Ultimately (partly via Greek and Armenian) from Ottoman Turkish, possibly colloquial alteration of baklavī, chain mail (perhaps because a tray of baklava cut into lozenges somewhat resembles chain mail), from Ottoman naval jargon bakla, chain link, from Ottoman Turkish bakla, fava bean (the oblong shape of a chain link being likened to that of a bean), from Arabic baqla, leguminous plant, from baqala, to sprout; akin to Akkadian baqālu, to malt, sprout, and Ge'ez baqwala, to sprout.


----------



## Apollodorus

sotos said:


> I think the names go around more easily than the dishes. Plakountes (plural of placous), i.e. pies made of various things were known to ancient greeks.



Correct. Also in cultural terms, a dish made of pastry, nuts and honey would seem to be more consistent with the sedentary, agriculture-based populations of southeastern Europe (and the Middle East) than with the nomadic populations of Central Asia. 

But the name remains a mystery. Perhaps @desi4life does have a point, provided that there is sufficient evidence for it.


----------



## raamez

I think we are forgetting that first the Turks came and lived in and around Anatolia since roughly 1000 years about the time of the Abbasid empire and second the Turks didn't come directly into Anatolia but were already in the process of mixing and adopting Islam and the Persian culture . third no one until now mentioned the first attestation of the word Baklava. Moreover, Baklava doesn't need to be something nomad Turks invented but could also have been made by sedentary Turks who as I said have been living in this region for almost 1000 years. Today's Turks are anyway clearly local to Anatolia who adopted the Turkish language, so they were not nomads neither before nor after the "real" Turks came from central Asia and mixed with them.


----------



## Apollodorus

However, if the Greeks already had a similar dish hundreds of years before, what need was there for them to borrow it from the Turks?
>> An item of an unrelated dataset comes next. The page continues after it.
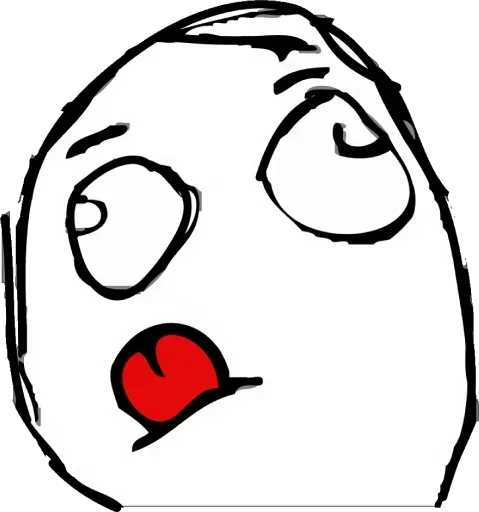 😋 Стикер «Trollfaces» для Telegram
Another question is, what other similar dishes did the Turks have in order to make a borrowing from them more probable than not?

Finally, what evidence is there in support of this?


----------



## Awwal12

Apollodorus said:


> However, if the Greeks already had a similar dish hundreds of years before, what need was there for them to borrow it from the Turks?


Developed cuisines are oversaturated with similar yet slightly different dishes. The words required to specify a particular variant are easily loaned.


----------



## sotos

raamez said:


> I think we are forgetting that first the Turks came and lived in and around Anatolia since roughly 1000 years about the time of the Abbasid empire and second the Turks didn't come directly into Anatolia but were already in the process of mixing and adopting Islam and the Persian culture . third no one until now mentioned the first attestation of the word Baklava. Moreover, Baklava doesn't need to be something nomad Turks invented but could also have been made by sedentary Turks who as I said have been living in this region for almost 1000 years. Today's Turks are anyway clearly local to Anatolia who adopted the Turkish language, so they were not nomads neither before nor after the "real" Turks came from central Asia and mixed with them.


Most of the "Turks" were not actually nomads who came from the East, but locals who changed language and religion. But they didn't change (much) their agriculture production and therefore foods.


----------



## sotos

In the Lesvos island they make a kind of baklava locally called "Platsenta" (obviously from AGr "plakous", gen. "plakountos"). foto and recipe in greek


----------



## raamez

I looked up in both Kitaab al-Tabeekh (cookbook) by ibn siyaar alwarraaq from the 10th CE and in kitaab al-Tabeekh (also a cookbook) by Mohammad bin hassan al-baghdaadi from the 13th CE and I couldn't find any similar word for a dessert except maybe for kaboulaa' كبولاء which is a type of Asida. The oldest mentioning of بقلاوة seems to be from the Arabian nights see here. But since the Arabian nights is a collection of storys which were written and collected over many centenaries you can't determine the exact history of this word or anything else.
It is maybe interesting to know about first mentions of this words in other languages.


----------



## sotos

It reminds Balaklava. There are some other food names deriving from toponyms (in Greek) but here we need a good guess-work to derive the baklava.


----------